» **Data supplied**:
- - -

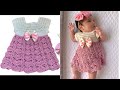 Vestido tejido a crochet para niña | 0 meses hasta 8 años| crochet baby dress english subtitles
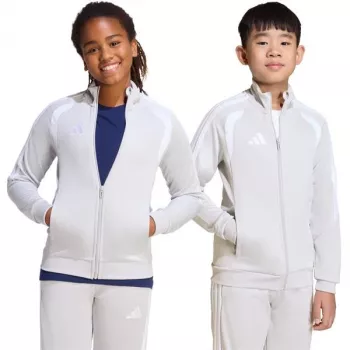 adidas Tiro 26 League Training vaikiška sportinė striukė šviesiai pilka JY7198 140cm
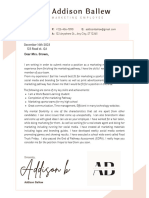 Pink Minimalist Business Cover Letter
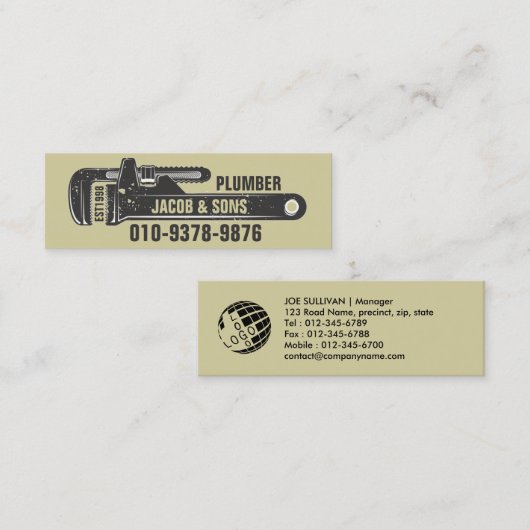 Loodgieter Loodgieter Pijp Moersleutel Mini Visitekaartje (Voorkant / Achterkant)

- - -

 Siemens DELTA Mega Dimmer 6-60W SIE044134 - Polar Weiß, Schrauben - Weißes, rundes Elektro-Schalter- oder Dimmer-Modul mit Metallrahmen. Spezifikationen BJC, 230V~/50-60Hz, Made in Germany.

- - -

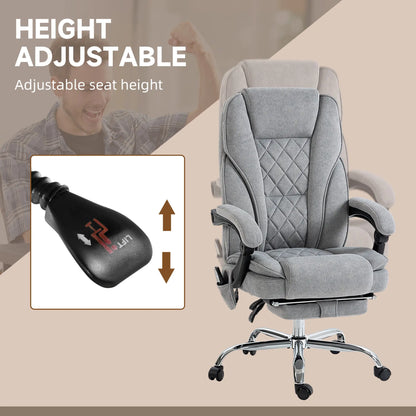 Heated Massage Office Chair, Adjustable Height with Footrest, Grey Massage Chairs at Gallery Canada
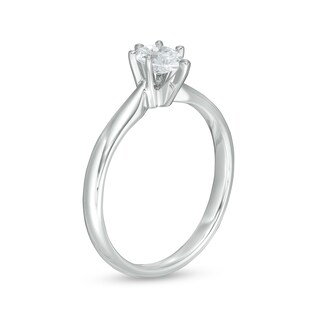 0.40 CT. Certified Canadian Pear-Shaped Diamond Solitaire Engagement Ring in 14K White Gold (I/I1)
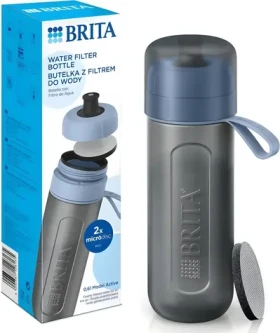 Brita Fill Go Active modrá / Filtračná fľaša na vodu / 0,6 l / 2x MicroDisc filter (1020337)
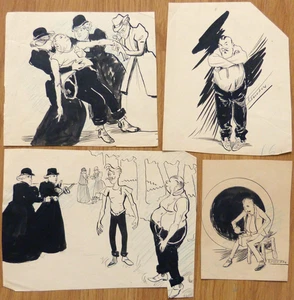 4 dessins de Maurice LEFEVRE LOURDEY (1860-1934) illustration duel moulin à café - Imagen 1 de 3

- - -

» **Goal of the exercise**:
Every line above between the one containing "adidas Tiro 26" and the one containing "Loodgieter Loodgieter Pijp", those two included, is to be printed exactly. No pictures go into the copy.

» **Reply to the exercise**:
 adidas Tiro 26 League Training vaikiška sportinė striukė šviesiai pilka JY7198 140cm
 Pink Minimalist Business Cover Letter
 Loodgieter Loodgieter Pijp Moersleutel Mini Visitekaartje (Voorkant / Achterkant)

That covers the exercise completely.